DATA FOR ANALYSIS: Begin
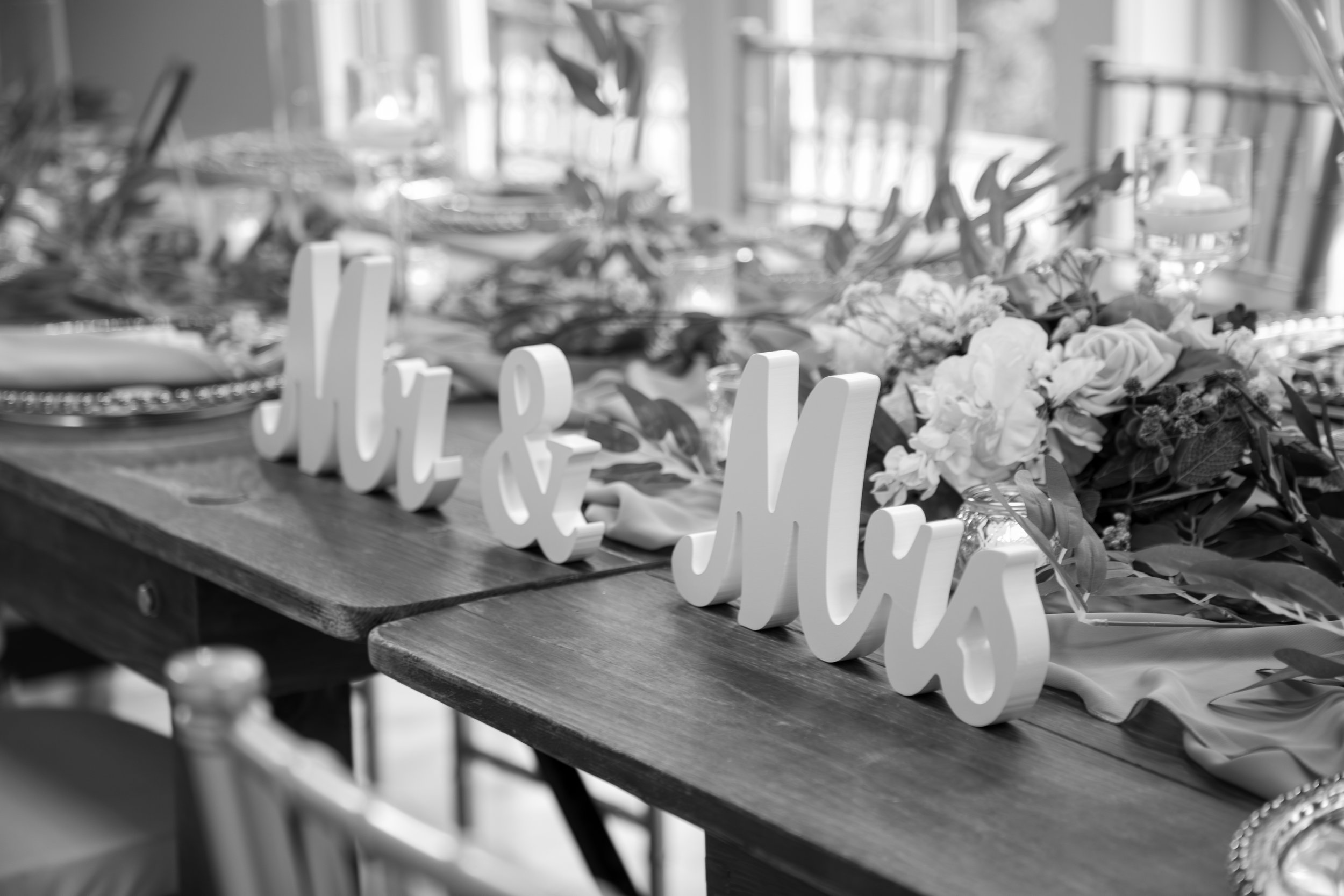 Wedding Photography by Will Locke. Decorative wedding table centerpiece with white floral arrangements and a sign that reads 'Mr & Mrs' on a wooden table in a well-lit room.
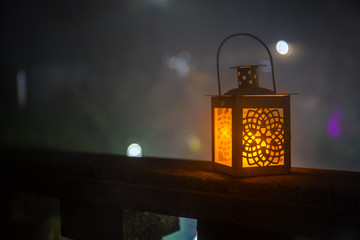 Retro style lantern at night. Beautiful colorful illuminated lamp at the balcony in the garden. Selective focus - Powered by Adobe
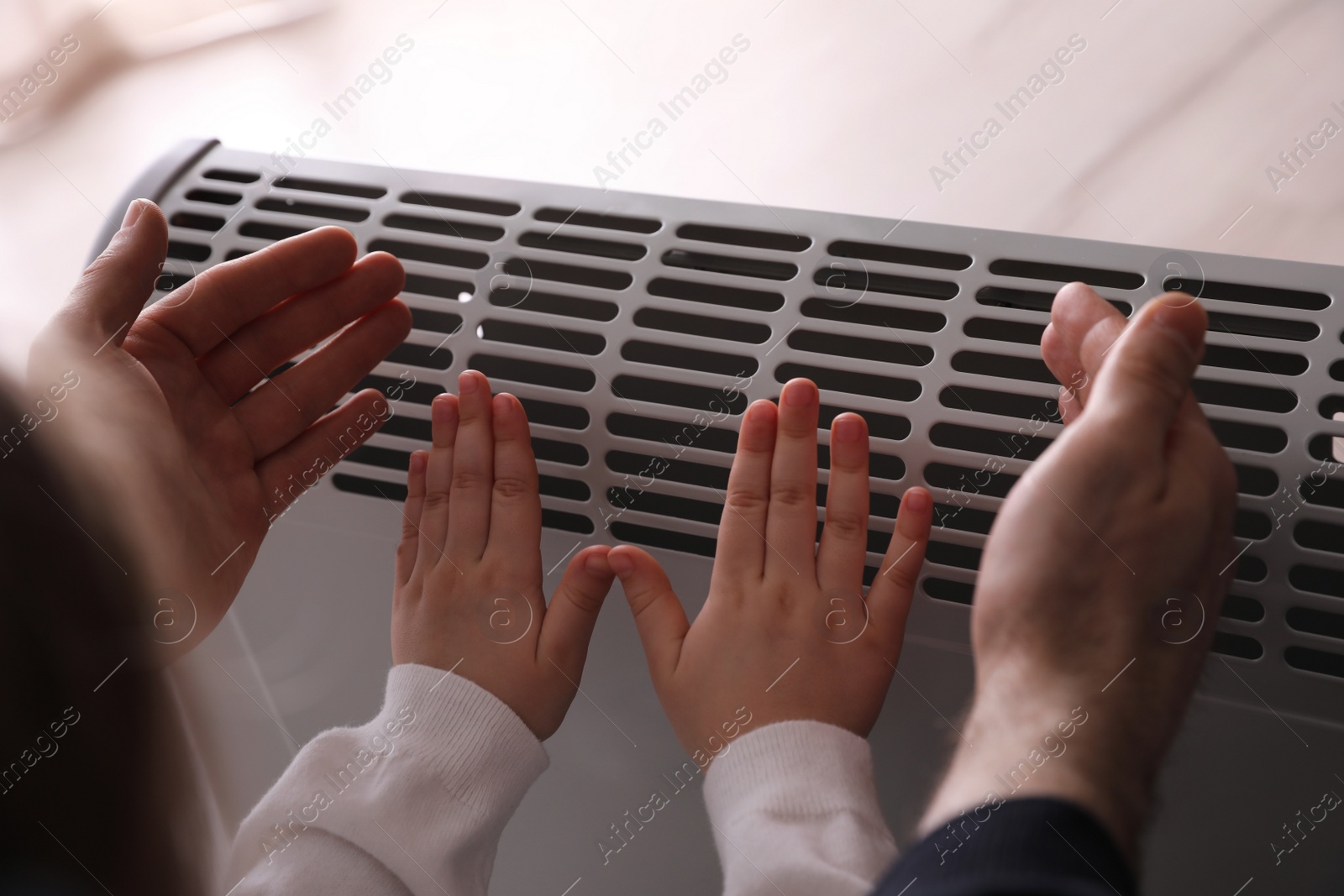 Photo of Father and child warming hands near electric heater at home, closeup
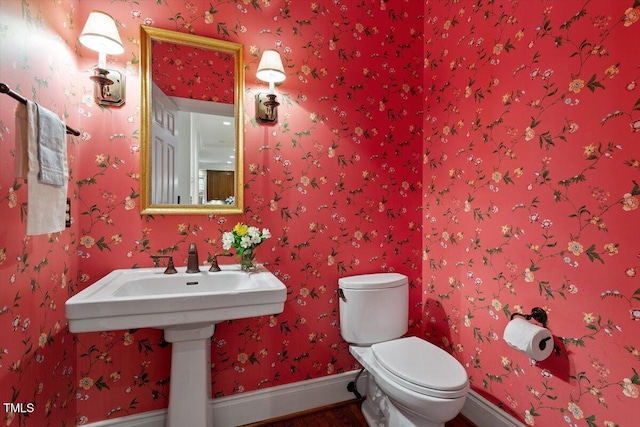 bathroom featuring toilet, baseboards, and wood finished floors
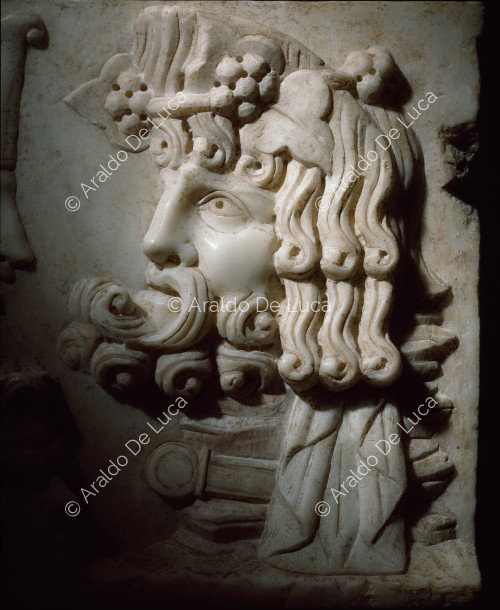 Marble relief with theatrical masks. Detail 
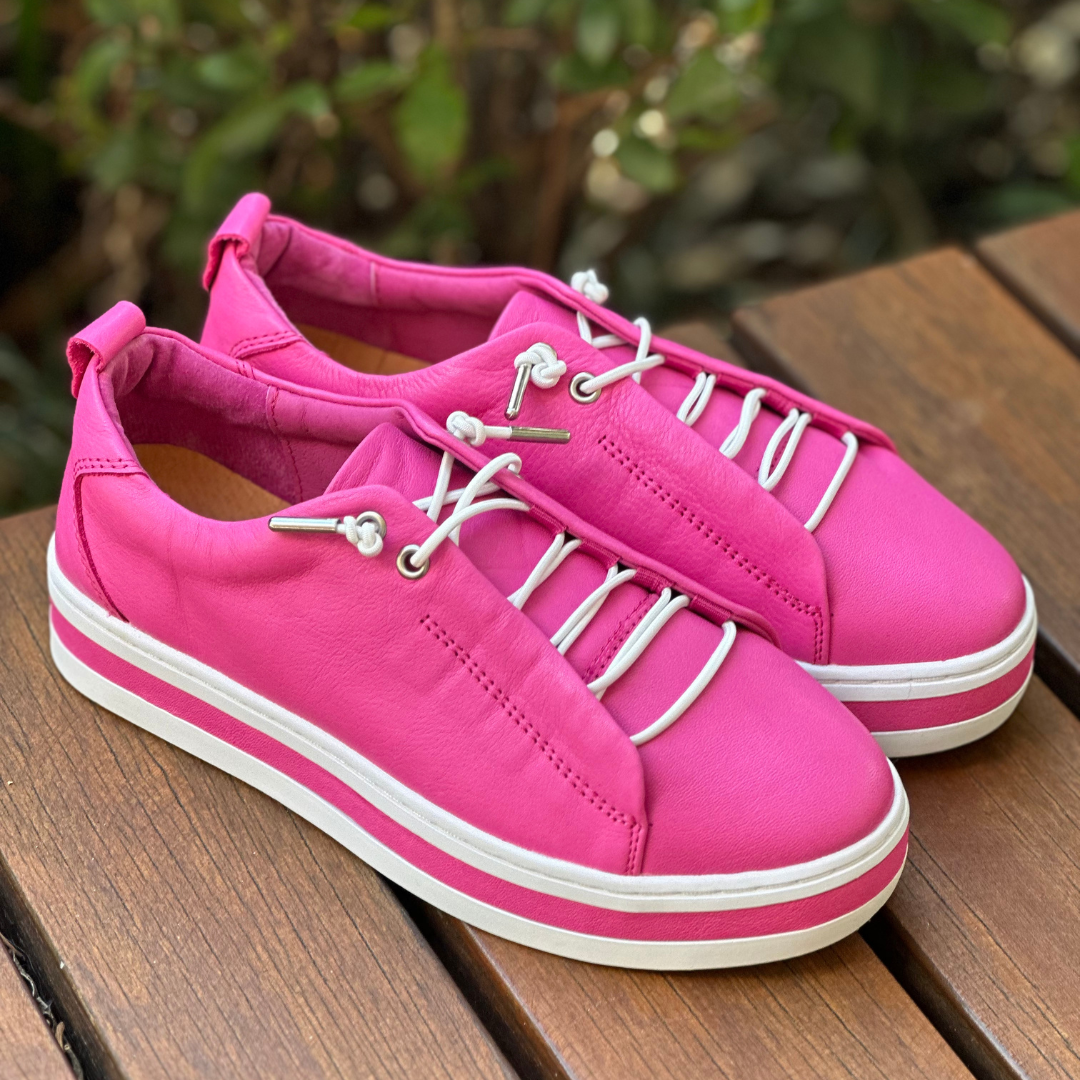 pink -sneakers with white soles and white elastic laces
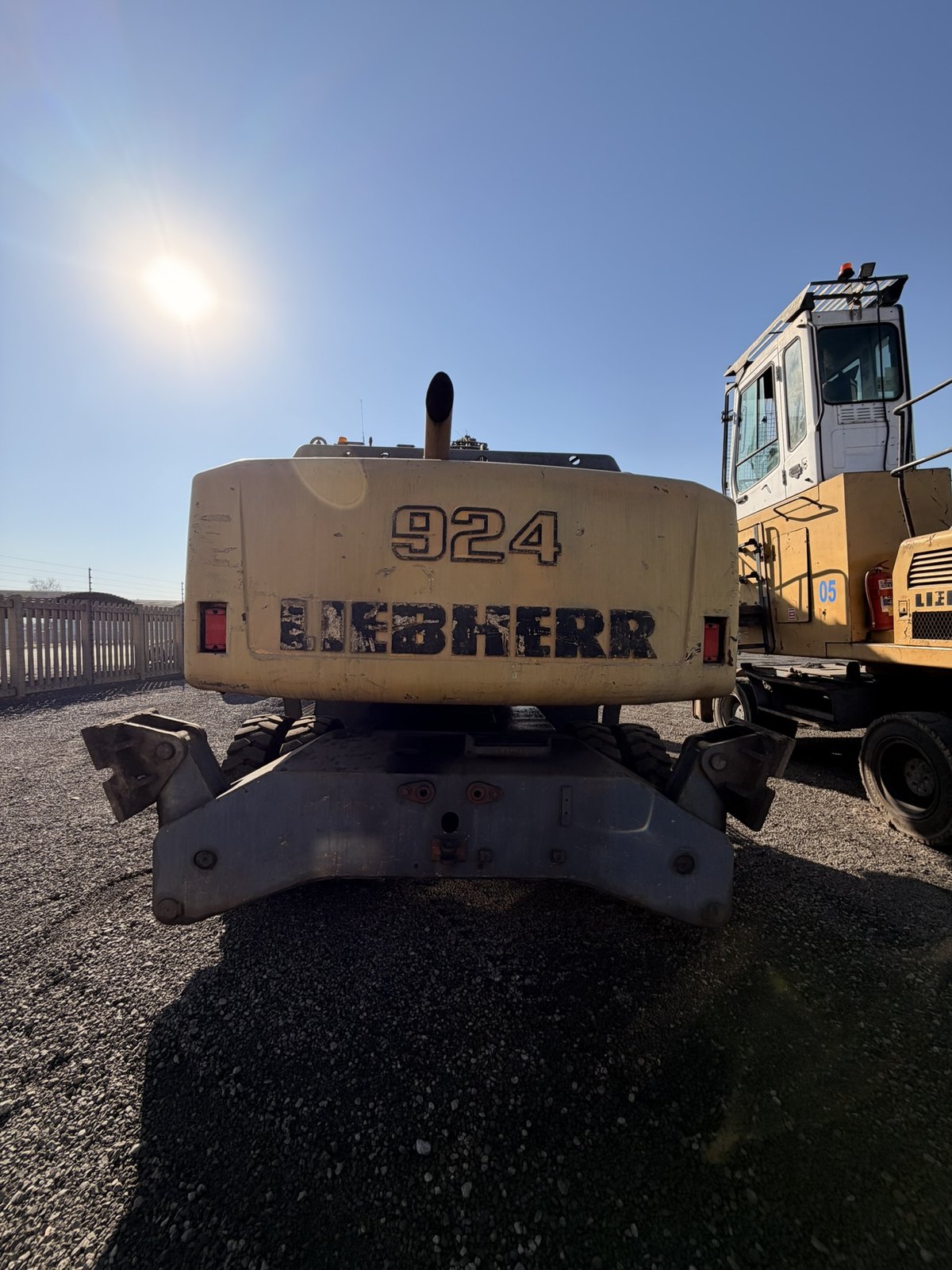 Used Liebherr 924 material handler, rear-on view of the counterweight, a second machine standing alongside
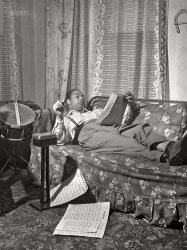 April 1942. "Mr. Oliver Coleman, drummer, looking over some music scores in the study of his apartment on Indiana Avenue. Chicago, Illinois." Acetate negative by Jack Delano for the Foreign Information Service of the U.S. Office of Coordinator of Information. View full size.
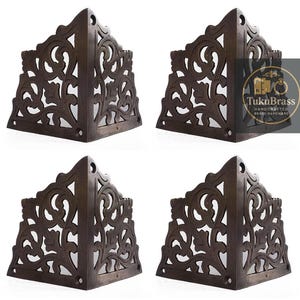 Puede incluir: Cuatro escuadras de esquina de color marrón oscuro con diseños calados ornamentados. Cada escuadra es triangular, con un patrón decorativo de líneas y curvas arremolinadas. Las escuadras están hechas de un material marrón oscuro y sobre un fondo blanco.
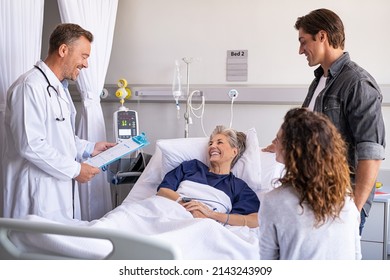 Mature Happy Doctor Giving Good News To Family And Old Patient. Smiling Senior Woman Lying On Hospital Bed With Son And Daughter Visiting And Talking To Physician. Doctor Visiting Hospitalized Patient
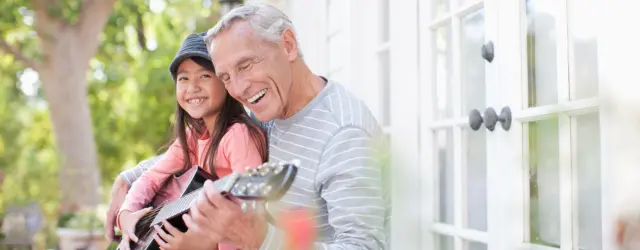 Grandpa play guitar with grandaughter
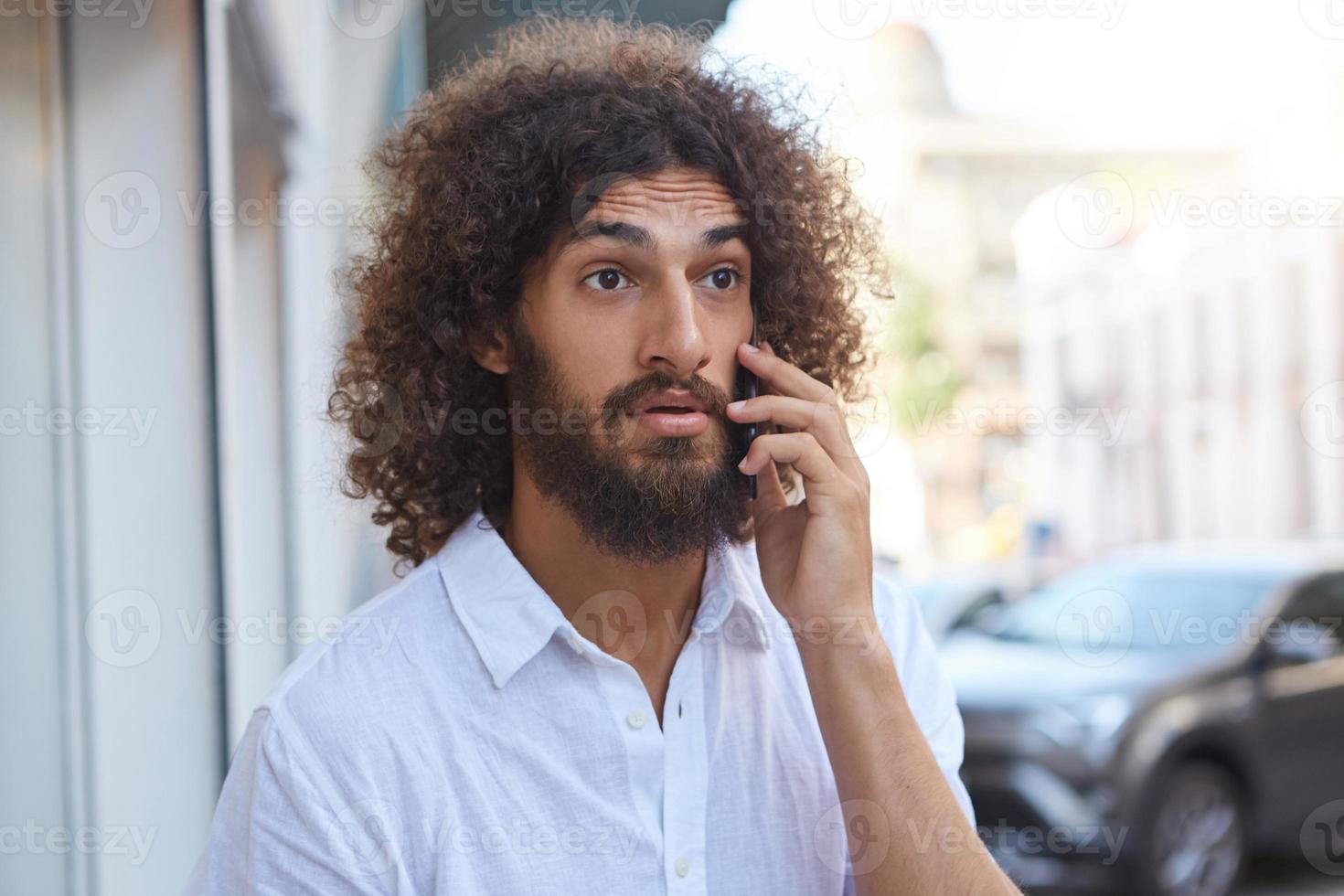 Surprised handsome bearded guy with brown curly hair walking down the street with mobile phone in hand, wrinkling forehead and raising eyebrows photo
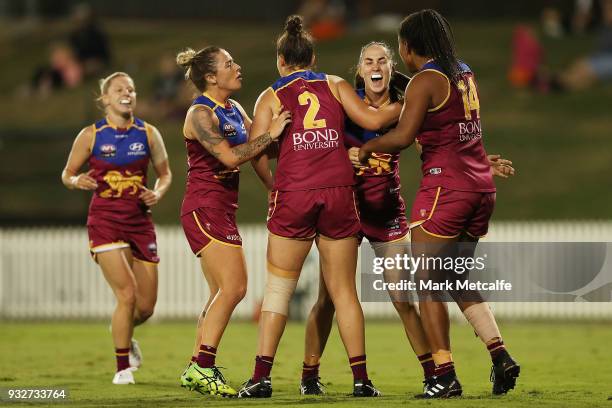 Sharni Webb of the Lions celebrates with team mates after kicking a goal during the round seven AFLW match between the Greater Western Sydney Giants...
DATA FOR ANALYSIS: End
## [WHAT IS BEING ASKED]
Retype the records exactly. Any image in them should not appear in what you write.

## [WORKED SOLUTION]
 Wedding Photography by Will Locke. Decorative wedding table centerpiece with white floral arrangements and a sign that reads 'Mr & Mrs' on a wooden table in a well-lit room.
 Retro style lantern at night. Beautiful colorful illuminated lamp at the balcony in the garden. Selective focus - Powered by Adobe
 Photo of Father and child warming hands near electric heater at home, closeup
 bathroom featuring toilet, baseboards, and wood finished floors
 Marble relief with theatrical masks. Detail 
 pink -sneakers with white soles and white elastic laces
 Used Liebherr 924 material handler, rear-on view of the counterweight, a second machine standing alongside
 April 1942. "Mr. Oliver Coleman, drummer, looking over some music scores in the study of his apartment on Indiana Avenue. Chicago, Illinois." Acetate negative by Jack Delano for the Foreign Information Service of the U.S. Office of Coordinator of Information. View full size.
 Puede incluir: Cuatro escuadras de esquina de color marrón oscuro con diseños calados ornamentados. Cada escuadra es triangular, con un patrón decorativo de líneas y curvas arremolinadas. Las escuadras están hechas de un material marrón oscuro y sobre un fondo blanco.
 Mature Happy Doctor Giving Good News To Family And Old Patient. Smiling Senior Woman Lying On Hospital Bed With Son And Daughter Visiting And Talking To Physician. Doctor Visiting Hospitalized Patient
 Grandpa play guitar with grandaughter
 Surprised handsome bearded guy with brown curly hair walking down the street with mobile phone in hand, wrinkling forehead and raising eyebrows photo
 Sharni Webb of the Lions celebrates with team mates after kicking a goal during the round seven AFLW match between the Greater Western Sydney Giants...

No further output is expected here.